They began to use the term "anarchy." But England was a monarchy, not an anarchy. And that was the ultimate solution to the problem, or so those in government thought. There’s an aspect of a monarchy that Americans find somewhat incomprehensible, or at least we did two centuries ago. A crown has divine right, or at least it so claims. An expression of the divine right of a crown is the power to rule by demand. A crown can issue commands. The king says, "jump." Everyone jumps.
Why do they jump? Simple. It’s a crime to NOT jump. To "willfully fail (hey, there’s a familiar term) to obey a crown command" is considered to be a treason, high treason. The British crown issued a Crown Command to end the tax objection movement.
The term "jurisdiction" was well understood as meaning "oath spoken." "Juris," in the original Latin meaning, is "oath." "Diction" means "spoken". Did the crown order that everyone shall pay the income tax? No, that wasn’t possible. There really was "no jurisdiction." And that would have done nothing to cure the lack of respect. The crown went one better. It ordered that every man shall swear an oath of allegiance to the crown! Damned Christian thing to do, eh?
CHILDREN IMPRISONED
A small handful of the objectors obeyed. Most refused.
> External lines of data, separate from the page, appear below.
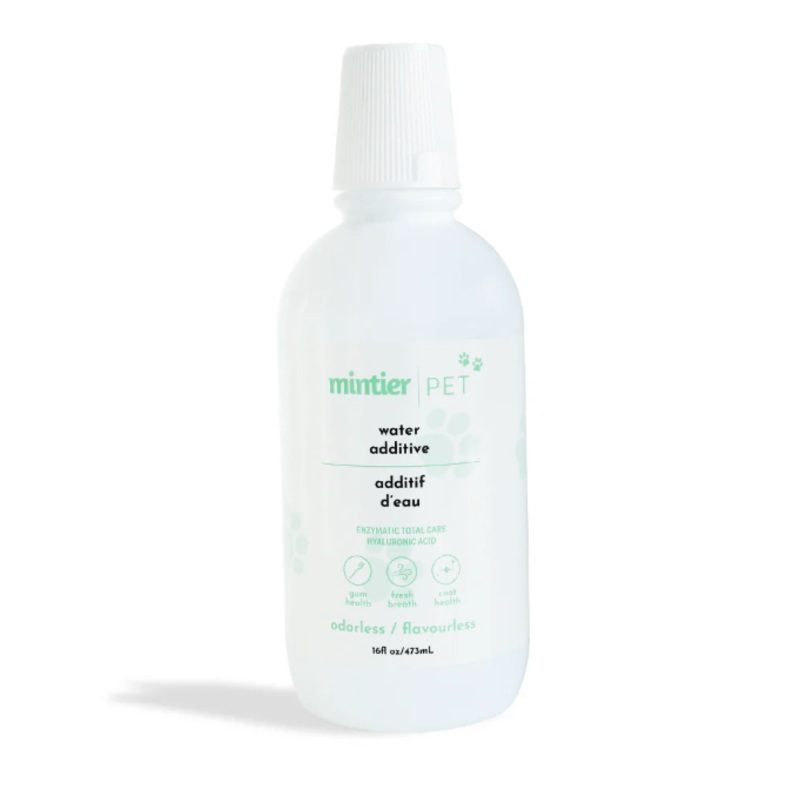 Mintier Pet Water Additive
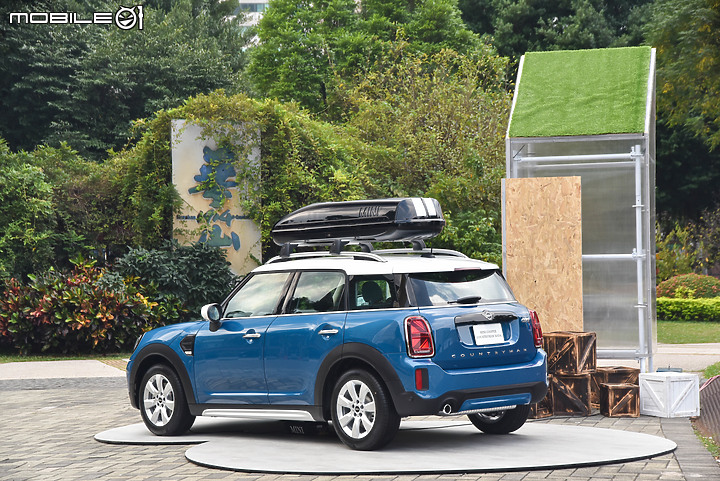 【採訪】MINI「Countryman個性生活日」於本週末登場,小改款Countryman同步現身!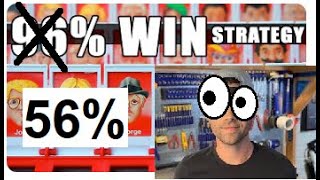 The Perfect "Guess Who" Strategy - Even Defeat Mark Rober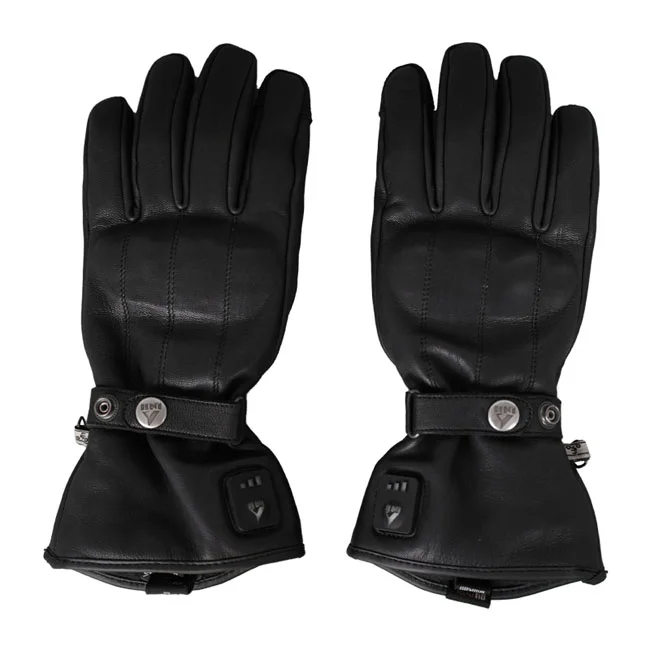 By City City Warm-up gloves black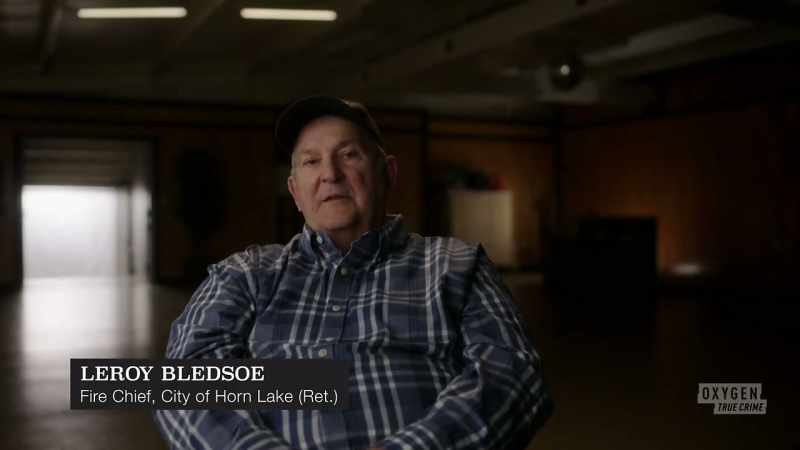 He'd done yardwork and things like that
It was a simple matter of
black and white. Jesus said "swear not at all." They opted to obey Him
over the crown. That quickly brought them into court, facing the charge of high
treason. An official would take the witness stand, swearing that he had no
record of the defendant’s oath of allegiance. Then the defendant was called to
testify, there being no right to refuse to witness against one’s self. He
refused to accept the administered oath. That refusal on the record, the court
instantly judged him guilty. Took all of 10 minutes. That expedience was
essential, for there were another couple hundred defendants waiting to be tried
that day for their own treasons against the crown. In short order the jails
reached their capacity, plus. But they weren’t filled as you’d envision
them. The men who’d refused the oaths weren’t there. Their children were.
There was a "Stand-in" law allowing for that. There was no social
welfare system. The wife and children of a married man in prison existed on the
charity of church and neighbors, or they ceased to exist, starving to death. It
was typical for a man convicted of a petty crime to have one of his kid's stand
in for him for 30 or 90 days. That way he could continue to earn a living,
keeping bread on the table, without the family having to rely on charity.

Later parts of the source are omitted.